Sistim Multi Partai Umumnya dianggap bahwa keanekaragaman dalam komposisi masyarakat menjurus ke berkembangnya sistim multi partai. Dimana perbedaan Ras, Agama, atau Suku bangsa adalah kuat, golongan masyarakat lebih cenderung untuk menyalurkan ikatan-ikatan terbatas (Pri Mordial) tadi dalam satu wadah saja (sistim ditemukan di Indonesia, Malaysia, Belanda dan Prancis)

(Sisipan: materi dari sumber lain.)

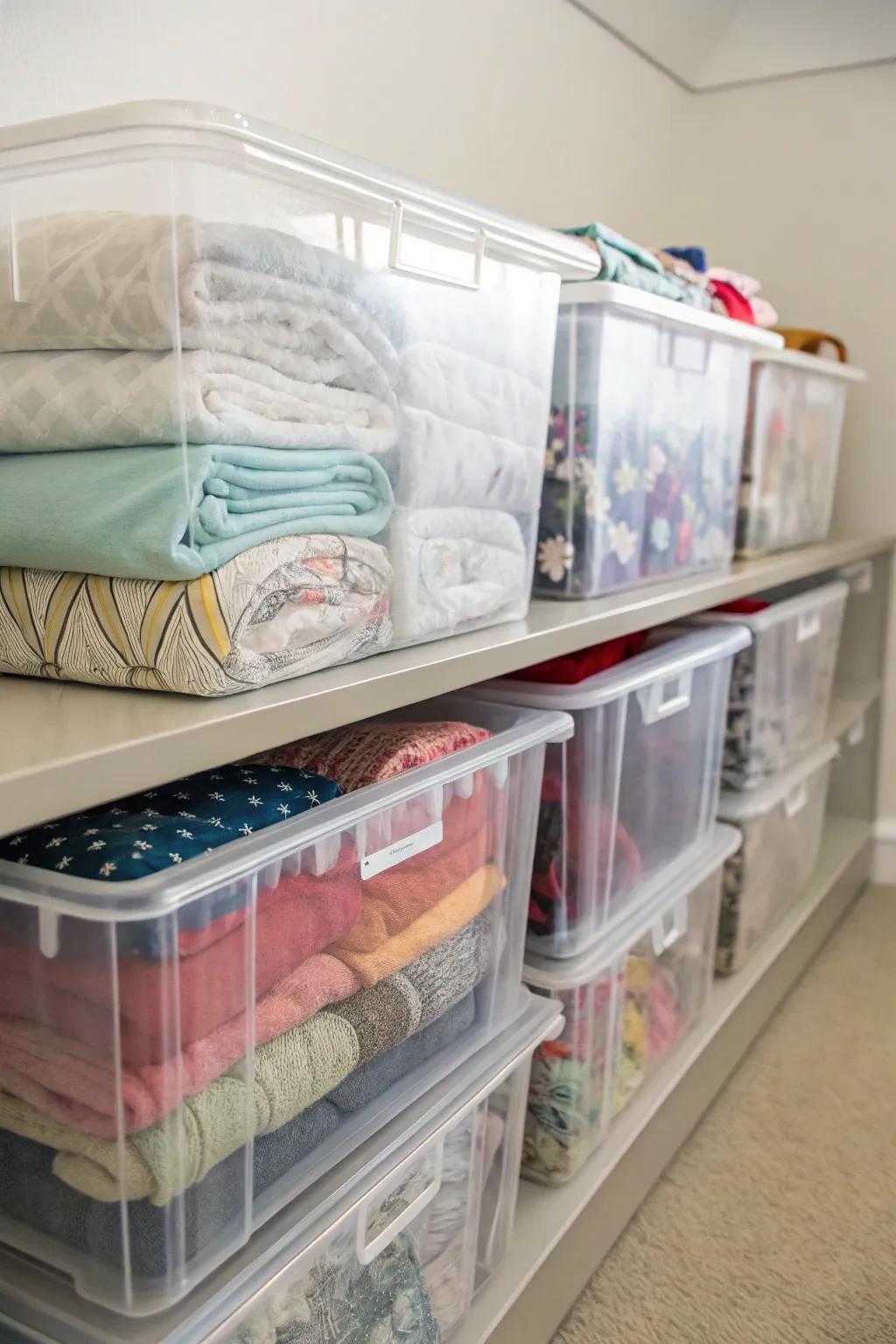 Clear plastic bins storing folded comforters on a shelf.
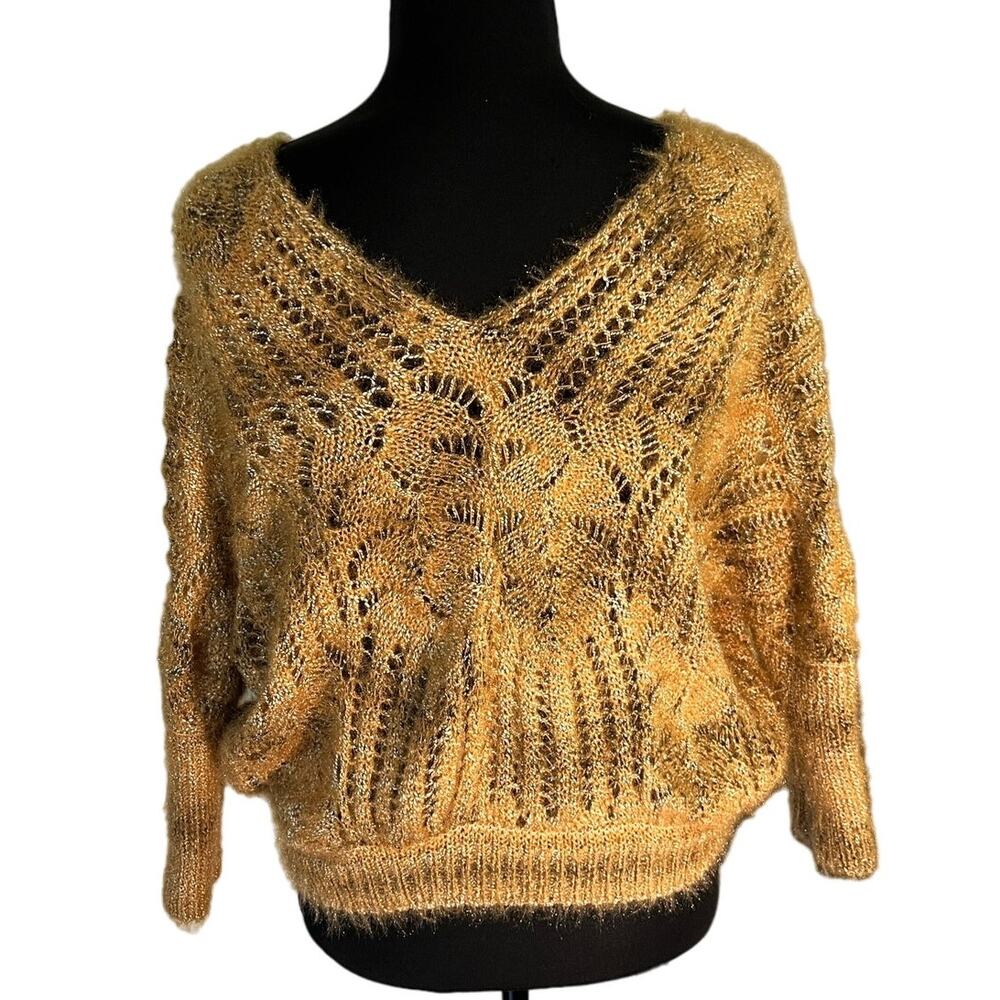 Cellabie Mustard Yellow Open Knit Cropped Sweater One Size Boho Festival Y2K - Picture 2 of 11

PARTAI POLITIK DI INDONESIA


Partai politik pertama lahir dalam zaman kolonial sebagai manifestasi bangkitnya kesadaran nasional. Dalam suasana itu semua organisasi apakah dia bertujuan sosial (seperti Budi Utomo dan Muhamadiah) ataukah terang-terangan menganut azas politik/agama (seperti Serikat Islam dan Partai Katolik) atau azas

politik/sekuler (seperti PNI dan PKI). Memainkan peran penting dalam berkembangnya pergerakan nasional, pola dalam masa merdeka dalam bentuk sistim multi-partai. Kegiatan partai politik dalam zaman pendudukan jepang dilarang : hanya golongan-golongan Islam diberi kebebasan untuk membentuk Partai Masyumi. Akan tetapi, satu bulan sesudah proklamasi kemerdekaan, kesempatan dibuka lebar-lebar. Mengenai partai dalam masa sistim parlementer (ditulis DANIEL. S. LEV) Sistim Partai di Indonesia menunjukkan beberapa gejala kekacauan yang tidak asing bagi sistim multi-partai didunia. Ada partai kecil yang mempunyai pengaruh yang jauh lebih besar dari pada dukungannya dalam masyarakat ; disamping itu tidak ada partai yang mengembangkan sikap memikul tanggung jawab penuh seperti biasanya terdapat pada partai yang mengatasi pemerintahan tanpa koalisi. Lagi pula sistim parlementer (di Indoensia) tidak pernah memiliki kekuasaan sepenuhnya kewenangan dan keabsahan dalam tata tertib politik dan juga tidak dapat menguasai segala aspek situasi konflik politik. Pada akhirnya pemerintah parlementer dijatuhkan oleh kekuatan-kekuatan extra parlementer seperti Presiden dan tentara. Akan tetapi partai politik juga tidak luput dari tantangan dari kalangan mereka sendiri. Dan hal ini juga membantu timbulnya Demokrasi Terpimpin. Dalam masa orde baru partai politik diberi kesempatan untuk bergerak lebih leluasa. Namun 1971 Golkar menjadi pemenang pertama dan tahun 1973 terjadi penyederhanaan partai dan sampai sekarang diberi kebebasan untuk mendiri partai; partai politik peserta pemilihan umum tahun 2009 berjumlah 34 partai.